Elastic Container Service
The official definition about Elastic Container Service (ECS) from AWS is as follows “Amazon Elastic Container Service (Amazon ECS) is a highly scalable, high-performance container orchestration service that supports Docker containers and allows you to easily run and scale containerized applications on AWS”. There is one very important key phrase in that which is Container Orchestration, which we will discuss.
A Container Orchestrator is a tool which manages the lifecycle of containers that run on a host. It could be that a container has failed its health check for some reason, so the orchestrator will deploy a new identical copy of it and dispose of the broken container. It could monitor the health of the hosts that the containers function on, and make sure it is working as expected. If it finds a fault it could create a new host and move all containers to that host. Essentially the function of the orchestrator is to get my containers started and keep them working.
Standard ECS v Fargate ECS
ECS comes in two flavours, the Standard ECS, and the Fargate ECS. The Standard ECS, creates EC2 hosts, using an AMI (Amazon Machine Image) that has Docker installed. With the right credentials you can connect into the host and perform additional tasks for your business needs. Fargate is a further abstracted service, where you do not have access to any EC2 host or associated infrastructure, all you care about is your container, and that it runs and functions as expected.

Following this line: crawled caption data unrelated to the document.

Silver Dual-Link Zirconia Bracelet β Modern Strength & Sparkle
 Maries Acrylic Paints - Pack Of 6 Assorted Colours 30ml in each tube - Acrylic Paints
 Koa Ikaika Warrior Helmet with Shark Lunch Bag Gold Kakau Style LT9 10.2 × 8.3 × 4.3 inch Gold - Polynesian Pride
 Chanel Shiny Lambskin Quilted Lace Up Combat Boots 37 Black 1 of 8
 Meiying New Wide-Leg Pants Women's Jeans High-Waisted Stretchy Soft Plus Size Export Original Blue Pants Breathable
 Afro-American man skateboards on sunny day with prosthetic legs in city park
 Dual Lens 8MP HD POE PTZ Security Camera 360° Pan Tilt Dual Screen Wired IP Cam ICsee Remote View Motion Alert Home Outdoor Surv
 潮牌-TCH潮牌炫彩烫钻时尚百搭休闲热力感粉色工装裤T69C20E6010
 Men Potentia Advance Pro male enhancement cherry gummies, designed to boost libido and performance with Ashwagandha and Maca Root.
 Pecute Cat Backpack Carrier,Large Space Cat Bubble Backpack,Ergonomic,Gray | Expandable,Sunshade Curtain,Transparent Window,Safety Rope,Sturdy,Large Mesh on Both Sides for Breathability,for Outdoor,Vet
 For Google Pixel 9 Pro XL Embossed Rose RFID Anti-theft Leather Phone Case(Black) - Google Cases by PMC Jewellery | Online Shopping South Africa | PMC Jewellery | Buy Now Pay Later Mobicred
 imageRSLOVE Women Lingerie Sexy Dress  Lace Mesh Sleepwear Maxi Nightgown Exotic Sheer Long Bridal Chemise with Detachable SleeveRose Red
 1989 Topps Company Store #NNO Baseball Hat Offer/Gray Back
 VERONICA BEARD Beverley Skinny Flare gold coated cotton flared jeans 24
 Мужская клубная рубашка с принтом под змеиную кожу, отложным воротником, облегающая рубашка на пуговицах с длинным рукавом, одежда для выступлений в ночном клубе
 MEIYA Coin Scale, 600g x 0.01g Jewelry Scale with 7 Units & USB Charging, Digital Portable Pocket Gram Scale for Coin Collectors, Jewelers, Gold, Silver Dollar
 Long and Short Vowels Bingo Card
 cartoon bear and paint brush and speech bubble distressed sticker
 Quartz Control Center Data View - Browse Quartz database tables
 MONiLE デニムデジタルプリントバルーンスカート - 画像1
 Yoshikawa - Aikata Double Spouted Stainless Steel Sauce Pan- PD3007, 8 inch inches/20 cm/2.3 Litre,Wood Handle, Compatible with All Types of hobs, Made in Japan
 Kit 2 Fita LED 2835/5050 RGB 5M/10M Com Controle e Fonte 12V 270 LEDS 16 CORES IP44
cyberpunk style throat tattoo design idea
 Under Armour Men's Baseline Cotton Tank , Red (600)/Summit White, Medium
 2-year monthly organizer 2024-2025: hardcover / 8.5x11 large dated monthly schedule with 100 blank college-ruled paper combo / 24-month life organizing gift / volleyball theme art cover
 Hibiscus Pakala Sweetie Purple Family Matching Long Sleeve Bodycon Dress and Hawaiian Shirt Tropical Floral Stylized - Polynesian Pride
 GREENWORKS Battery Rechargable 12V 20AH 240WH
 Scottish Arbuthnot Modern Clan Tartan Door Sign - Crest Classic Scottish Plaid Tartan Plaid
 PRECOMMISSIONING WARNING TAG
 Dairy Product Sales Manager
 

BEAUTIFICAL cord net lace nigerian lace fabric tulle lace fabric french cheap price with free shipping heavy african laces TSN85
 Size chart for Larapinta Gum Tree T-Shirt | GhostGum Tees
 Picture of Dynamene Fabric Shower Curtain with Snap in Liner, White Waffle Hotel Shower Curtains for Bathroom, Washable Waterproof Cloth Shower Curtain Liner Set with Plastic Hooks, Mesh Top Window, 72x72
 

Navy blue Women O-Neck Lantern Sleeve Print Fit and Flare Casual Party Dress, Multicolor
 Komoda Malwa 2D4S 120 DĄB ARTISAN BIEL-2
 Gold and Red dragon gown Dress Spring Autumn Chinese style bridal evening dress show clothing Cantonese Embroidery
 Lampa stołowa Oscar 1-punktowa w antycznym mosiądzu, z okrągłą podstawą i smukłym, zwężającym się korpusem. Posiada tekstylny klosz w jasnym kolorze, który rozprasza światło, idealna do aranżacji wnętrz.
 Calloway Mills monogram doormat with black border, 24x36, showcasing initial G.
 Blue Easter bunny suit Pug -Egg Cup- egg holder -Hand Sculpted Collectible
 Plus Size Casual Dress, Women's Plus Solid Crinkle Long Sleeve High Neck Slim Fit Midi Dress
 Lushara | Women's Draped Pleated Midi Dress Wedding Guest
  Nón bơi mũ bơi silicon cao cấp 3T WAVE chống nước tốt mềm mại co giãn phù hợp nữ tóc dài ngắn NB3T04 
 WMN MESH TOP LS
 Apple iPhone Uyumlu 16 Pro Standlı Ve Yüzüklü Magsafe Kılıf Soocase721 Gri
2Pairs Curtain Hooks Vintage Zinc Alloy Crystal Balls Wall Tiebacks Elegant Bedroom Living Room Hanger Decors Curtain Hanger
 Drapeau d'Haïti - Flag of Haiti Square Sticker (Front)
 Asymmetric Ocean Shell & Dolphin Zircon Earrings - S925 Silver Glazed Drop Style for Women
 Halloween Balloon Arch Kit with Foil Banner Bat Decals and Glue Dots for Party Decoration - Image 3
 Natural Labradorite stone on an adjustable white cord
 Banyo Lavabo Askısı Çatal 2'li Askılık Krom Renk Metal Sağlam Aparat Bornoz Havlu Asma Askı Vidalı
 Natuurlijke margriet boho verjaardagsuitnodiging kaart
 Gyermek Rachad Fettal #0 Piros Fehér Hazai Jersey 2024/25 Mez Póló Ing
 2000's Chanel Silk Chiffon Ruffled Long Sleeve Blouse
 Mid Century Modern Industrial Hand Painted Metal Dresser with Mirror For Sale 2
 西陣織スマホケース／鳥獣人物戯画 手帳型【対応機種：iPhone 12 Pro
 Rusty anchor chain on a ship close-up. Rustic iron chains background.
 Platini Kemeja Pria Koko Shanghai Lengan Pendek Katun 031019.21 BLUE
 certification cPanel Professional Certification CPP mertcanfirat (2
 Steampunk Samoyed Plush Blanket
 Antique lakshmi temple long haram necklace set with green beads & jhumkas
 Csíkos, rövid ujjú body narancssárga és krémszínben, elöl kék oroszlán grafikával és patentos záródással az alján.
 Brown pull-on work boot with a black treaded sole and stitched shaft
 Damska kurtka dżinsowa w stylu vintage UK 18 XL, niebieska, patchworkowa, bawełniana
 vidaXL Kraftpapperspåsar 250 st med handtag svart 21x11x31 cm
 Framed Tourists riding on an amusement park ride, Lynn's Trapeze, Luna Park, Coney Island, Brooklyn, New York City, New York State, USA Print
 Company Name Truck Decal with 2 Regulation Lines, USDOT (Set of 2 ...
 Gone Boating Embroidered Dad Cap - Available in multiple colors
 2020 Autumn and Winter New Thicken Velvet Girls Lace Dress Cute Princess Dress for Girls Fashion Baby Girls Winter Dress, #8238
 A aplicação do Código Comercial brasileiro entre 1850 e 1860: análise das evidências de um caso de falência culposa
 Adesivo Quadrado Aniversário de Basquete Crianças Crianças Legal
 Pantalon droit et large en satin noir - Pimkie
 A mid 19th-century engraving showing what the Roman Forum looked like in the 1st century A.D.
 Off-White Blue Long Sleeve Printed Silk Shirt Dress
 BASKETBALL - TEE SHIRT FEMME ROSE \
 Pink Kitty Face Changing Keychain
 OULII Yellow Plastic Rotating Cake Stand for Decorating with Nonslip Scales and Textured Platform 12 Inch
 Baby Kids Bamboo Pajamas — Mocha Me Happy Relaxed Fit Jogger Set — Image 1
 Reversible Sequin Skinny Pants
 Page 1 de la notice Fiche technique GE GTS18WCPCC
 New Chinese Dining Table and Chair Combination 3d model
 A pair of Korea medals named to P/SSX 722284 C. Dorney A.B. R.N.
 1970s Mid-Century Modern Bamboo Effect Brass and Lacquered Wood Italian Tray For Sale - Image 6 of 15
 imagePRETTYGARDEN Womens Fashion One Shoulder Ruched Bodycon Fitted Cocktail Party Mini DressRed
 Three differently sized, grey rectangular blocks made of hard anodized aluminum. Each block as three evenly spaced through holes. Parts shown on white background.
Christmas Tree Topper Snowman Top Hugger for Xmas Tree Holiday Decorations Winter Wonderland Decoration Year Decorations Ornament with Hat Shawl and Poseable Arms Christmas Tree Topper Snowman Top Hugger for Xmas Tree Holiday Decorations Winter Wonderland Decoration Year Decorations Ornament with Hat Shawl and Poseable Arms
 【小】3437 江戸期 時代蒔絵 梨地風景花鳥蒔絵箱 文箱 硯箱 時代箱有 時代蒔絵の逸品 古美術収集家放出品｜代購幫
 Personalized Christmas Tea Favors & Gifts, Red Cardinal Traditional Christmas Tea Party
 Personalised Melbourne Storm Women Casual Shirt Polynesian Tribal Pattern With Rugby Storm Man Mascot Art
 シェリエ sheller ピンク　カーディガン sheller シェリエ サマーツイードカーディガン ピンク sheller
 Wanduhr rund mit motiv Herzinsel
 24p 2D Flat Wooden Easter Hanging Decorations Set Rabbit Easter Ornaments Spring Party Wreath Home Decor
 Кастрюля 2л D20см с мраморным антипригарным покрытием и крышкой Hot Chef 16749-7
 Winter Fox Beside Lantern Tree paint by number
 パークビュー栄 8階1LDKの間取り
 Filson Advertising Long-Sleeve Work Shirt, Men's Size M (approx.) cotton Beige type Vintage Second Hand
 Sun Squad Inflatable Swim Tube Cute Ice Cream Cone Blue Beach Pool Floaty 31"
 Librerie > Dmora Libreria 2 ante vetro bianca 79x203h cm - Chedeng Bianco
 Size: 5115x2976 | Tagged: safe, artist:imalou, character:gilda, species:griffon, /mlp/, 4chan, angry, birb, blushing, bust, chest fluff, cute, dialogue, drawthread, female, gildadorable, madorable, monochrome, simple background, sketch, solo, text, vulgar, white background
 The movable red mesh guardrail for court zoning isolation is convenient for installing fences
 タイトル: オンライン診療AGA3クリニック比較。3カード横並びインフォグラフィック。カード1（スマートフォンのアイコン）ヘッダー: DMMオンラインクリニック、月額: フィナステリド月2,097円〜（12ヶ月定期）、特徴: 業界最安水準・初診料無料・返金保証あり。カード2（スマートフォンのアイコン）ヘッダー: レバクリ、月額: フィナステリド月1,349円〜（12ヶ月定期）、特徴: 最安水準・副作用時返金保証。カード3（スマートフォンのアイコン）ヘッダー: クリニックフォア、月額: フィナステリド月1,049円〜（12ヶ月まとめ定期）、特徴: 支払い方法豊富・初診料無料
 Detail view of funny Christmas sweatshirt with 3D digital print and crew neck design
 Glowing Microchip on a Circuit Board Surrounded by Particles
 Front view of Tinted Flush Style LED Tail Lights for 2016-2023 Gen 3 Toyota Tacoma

Personally, I have found that there is more setup options and configuration with the Fargate service, however once it is running, there is much less day to day interactions required with the service. Another consideration to take into account is that the two flavours have completely different pricing models. With the standard ECS you pay the standard EC2 and EBS storage charges, however with Fargate you are paying for vCPU and memory resources on a per second charge.
Tasks in ECS
ECS has the concept of a task, which is very closely aligned to the terminology of a service in the Docker world. To create a container in ECS, you provide a Task Definition JSON file, which describes what registry the image exists in (ECR or a 3rd party), the metadata (name etc), the resource requirements (CPU and memory), shared volumes, and if this task is made up of more than one container, and how they are linked together.
One awesome feature with containers and ECS is that you can be very granular with creating least privilege access polices on IAM for each container. For example, if container A needs access to secure string A in the Systems Manager Parameter Store, and container B needs access to an S3 Bucket. You can create policies directly attached to the task, and not the host that controls these tasks. This means that your containers have the absolute limited amount of access that they need and cannot access resources that they have no need to.
Management for Windows Containers
Even if your organisation is integrated with the Windows environment, this does not pose a problem for ECS as it supports management for Windows containers, with use of a Windows AMI. It must be worth noting that whilst you can make containers based off of Windows images, they have tended to be sized in the GB’s, whereas with Linux images, they are usually in the MB’s of storage. This can have an impact when a new host is create and it needs to download the image layers from the registry, it could create significant downtime for a Windows based image if the network latency is poor. Alternatively making a shared storage option with EFS, and have the images stored there for faster access may alleviate this concern.
My thanks again for dropping by, and I really hope you have enjoyed this bumper 2 part edition dedicated to the world of containers on AWS.